== GIVEN RECORDS
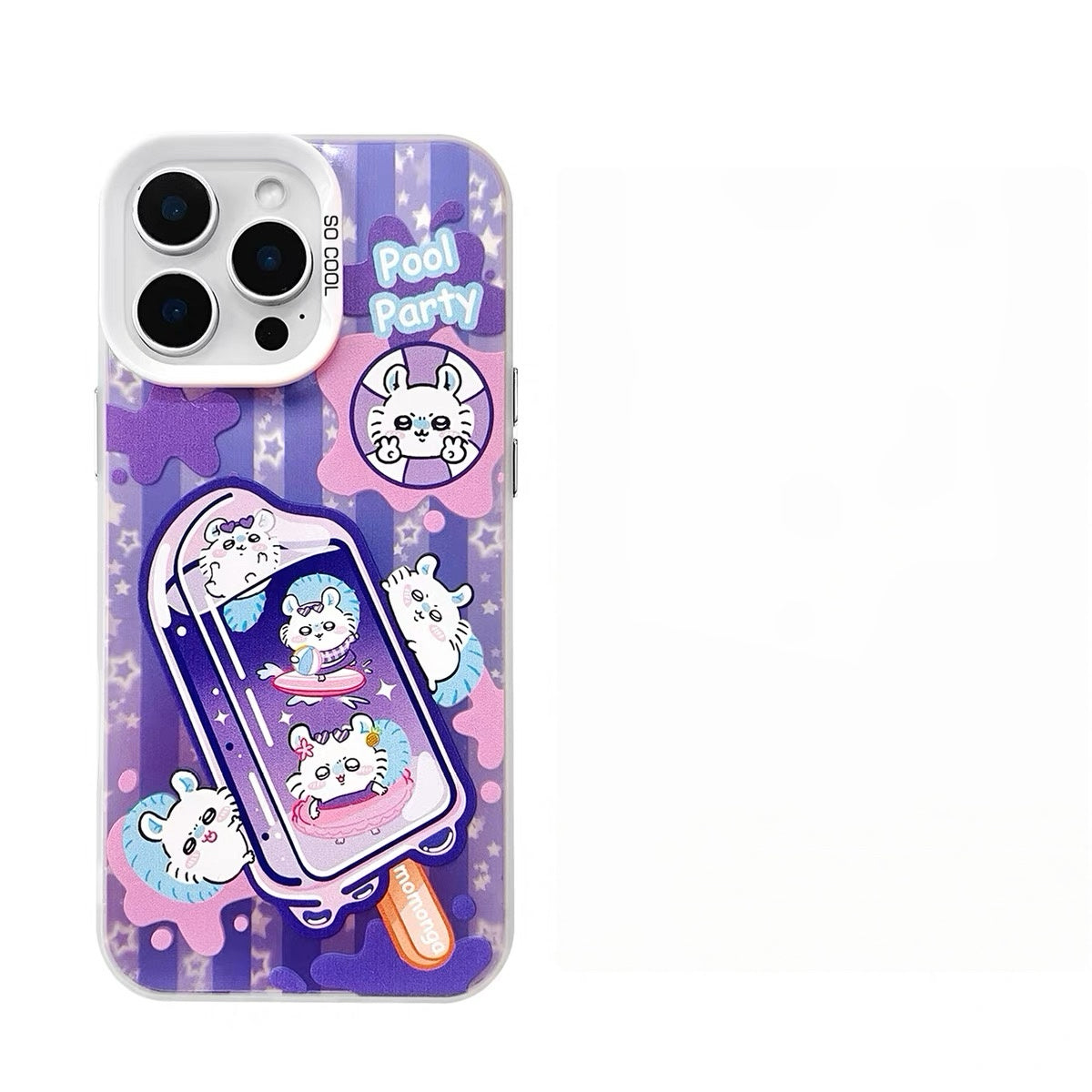 Japanese Cartoon ChiiKawa Summer Ice Bar Laser Case | ChiiKawa Hachiware Usagi Momonga - iPhone Case 11 12 13 14 15 16 16e 17 17e Pro Promax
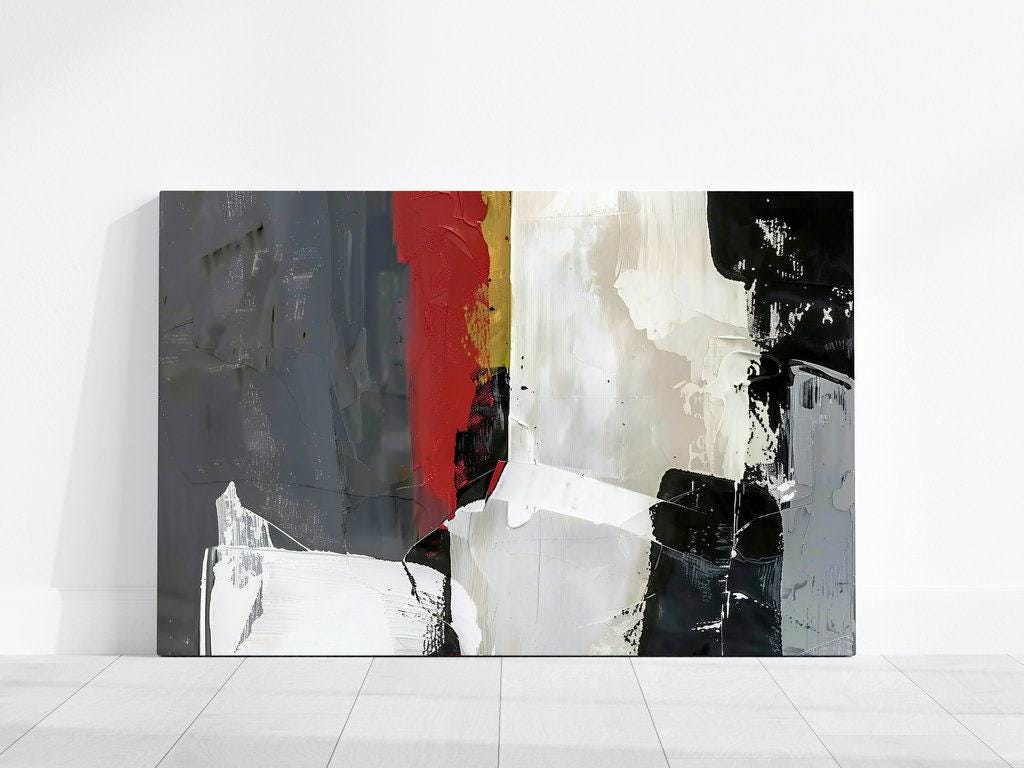 The Labyrinth: Red, Black & White Abstract Expressionist Art | Dynamic & Modern Wall Decor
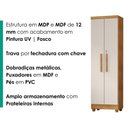 Ver imagem 5 de Armario para Lavanderia Multiuso 2 Portas 188x55 cm Isabela Cedro Areia Rudk
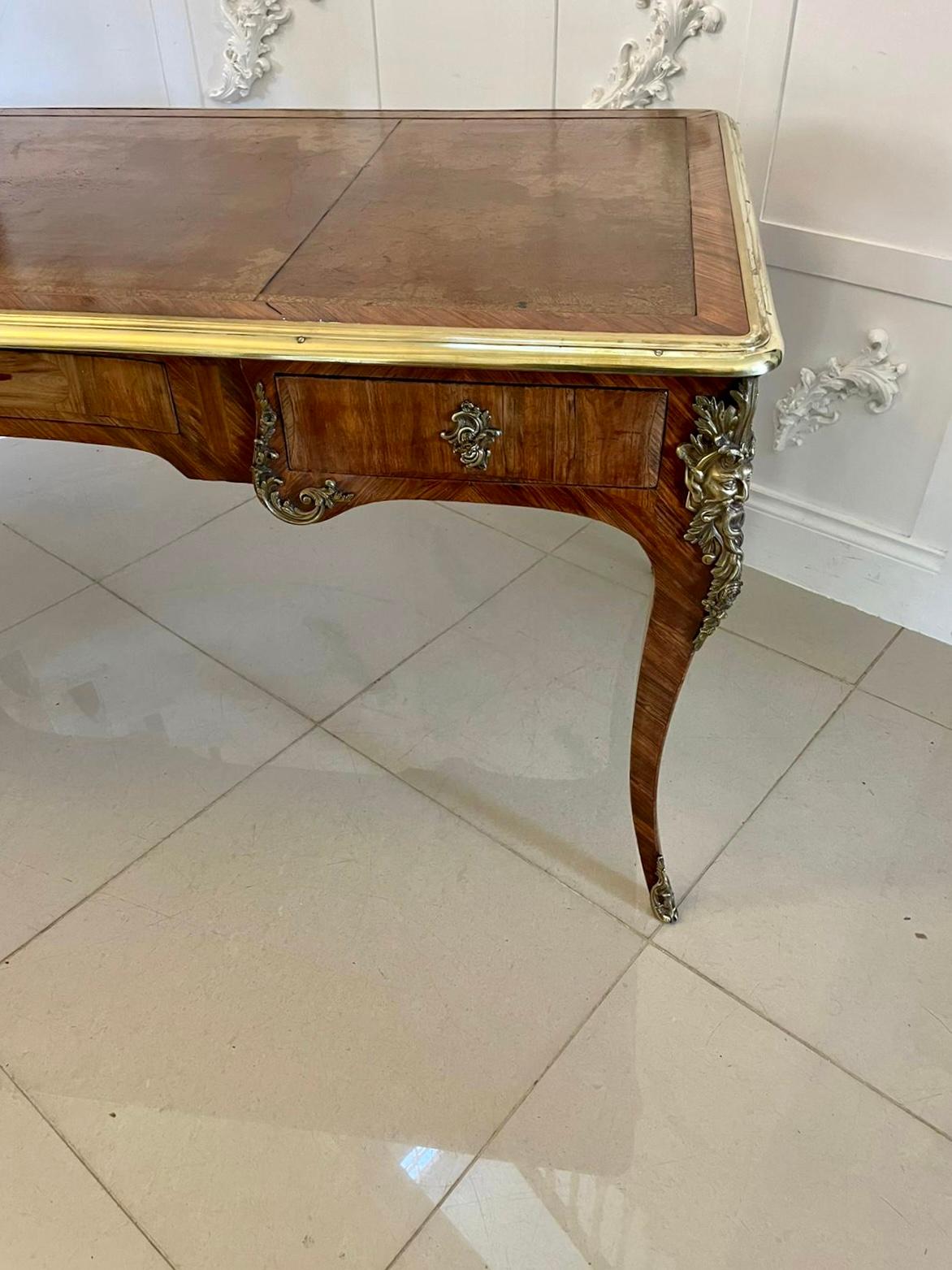 Large Antique Quality Kingwood Ornate Ormolu Mounted Partners Bureau Plat-Desk For Sale 4
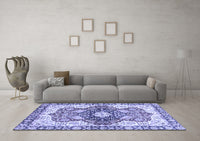 Machine Washable Abstract Blue Modern Rug, wshabs3357blu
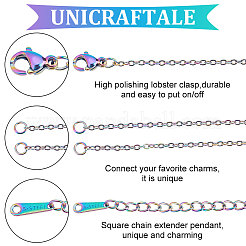10 Stück Regenbogenfarbe Ionenplattierung (IP) halbfertig 201 Edelstahl Kabelkettenverbinder Armbandherstellung&nbsp;STAS-UN0038-85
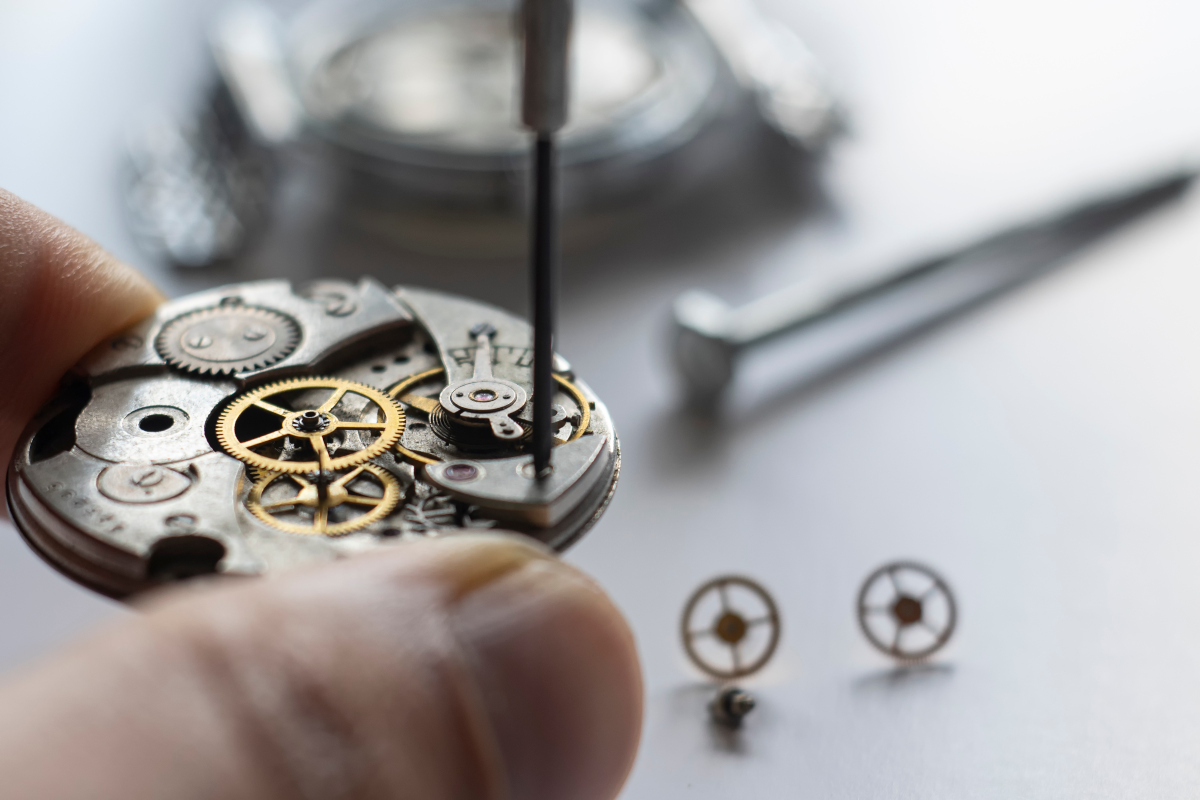 Watchmaker repair mechanical watches. Gears repair. Watch repair process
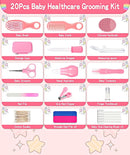 Baby Grooming and Healthcare Kit, Portable Baby Safety Care Set with Hair Brush Comb Nail Clipper Nasal Aspirator for Nursery Newborn Infant Girl Boy (25 in 1 Pink) by TinyTreasures Baby Boutique
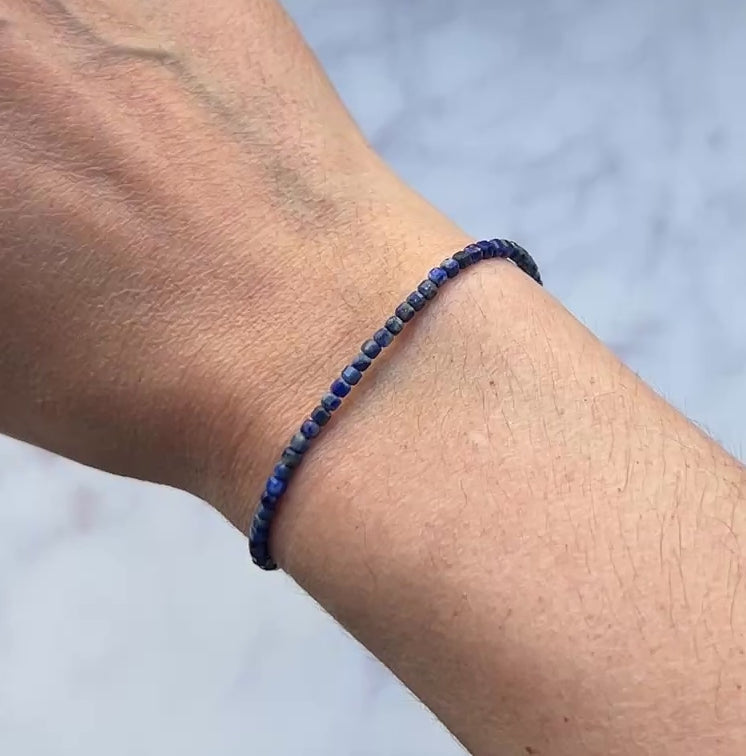 Blue lapis lazuli gemstone with sterling silver bracelet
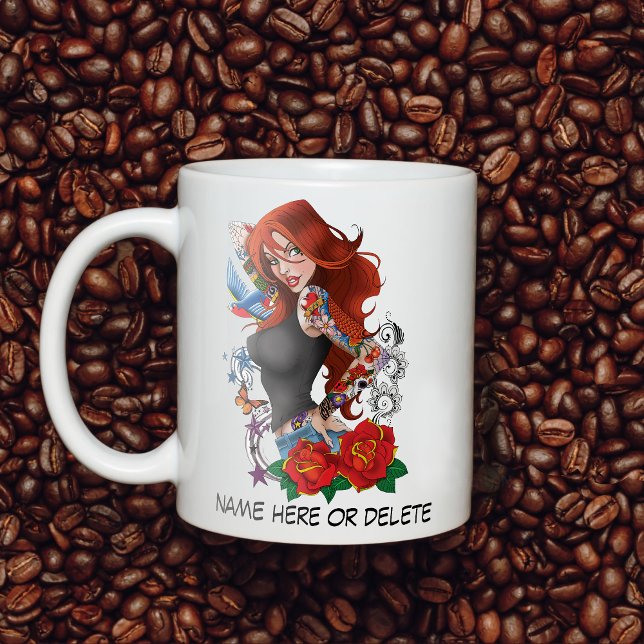 Redhead Frau Tattoos Kaffeetasse (Von Creator hochgeladen)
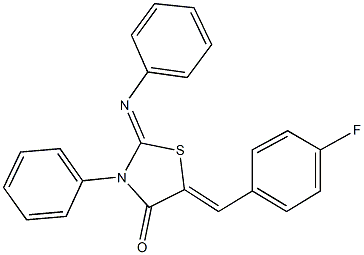 5-(4-fluorobenzylidene)-3-phenyl-2-(phenylimino)-1,3-thiazolidin-4-one Structure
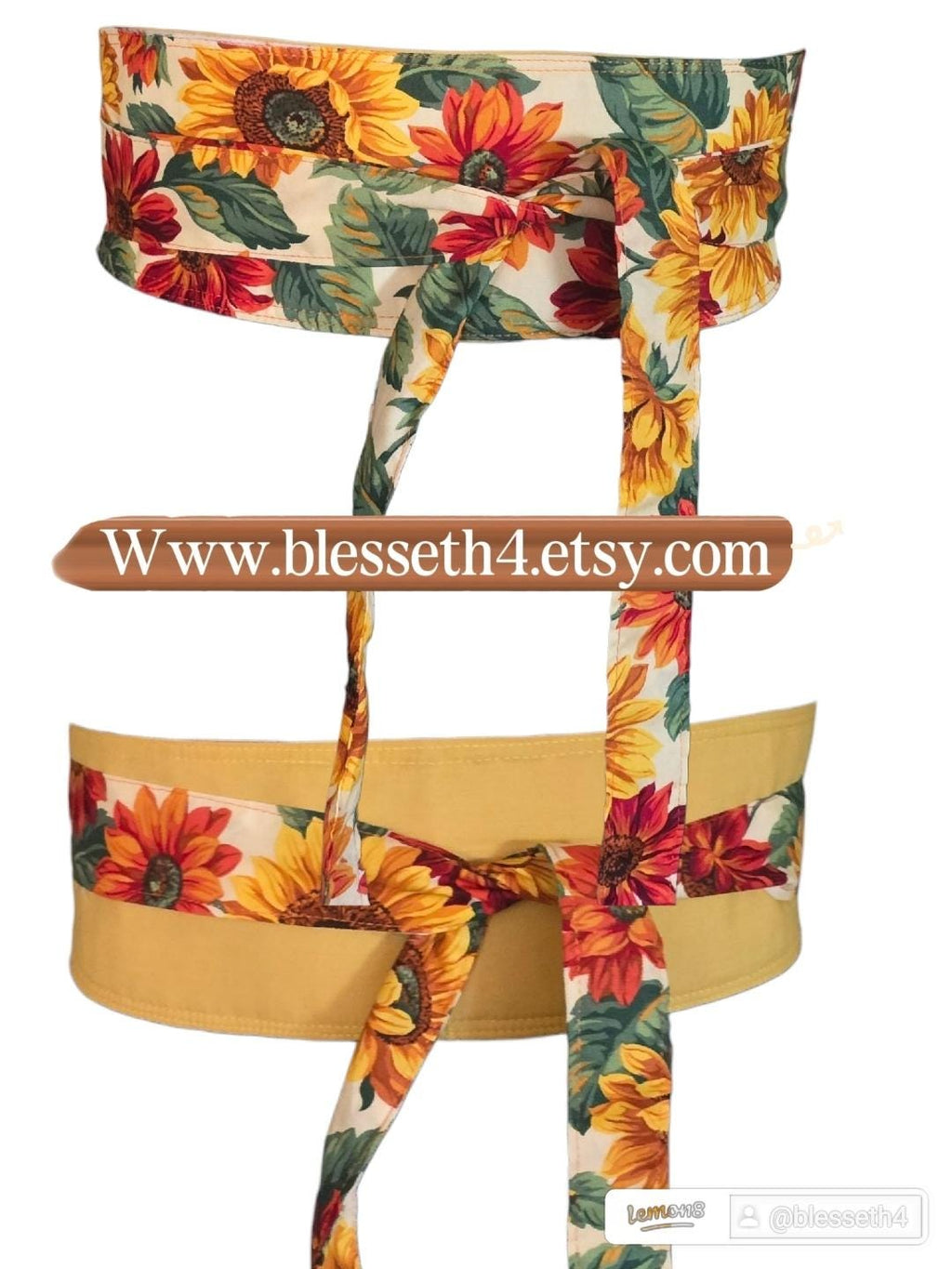 Reversible Sunflower Obi Belt: Handmade Cotton Wrap Waist Sash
====
PROBLEM STATEMENT. Please write out, word for word, only the lines from the one holding "Redhead Frau Tattoos" through the end of the records above, with both end lines included and the pictures dropped.

RESULT OF THE TASK.
 Redhead Frau Tattoos Kaffeetasse (Von Creator hochgeladen)
 5-(4-fluorobenzylidene)-3-phenyl-2-(phenylimino)-1,3-thiazolidin-4-one Structure
 Reversible Sunflower Obi Belt: Handmade Cotton Wrap Waist Sash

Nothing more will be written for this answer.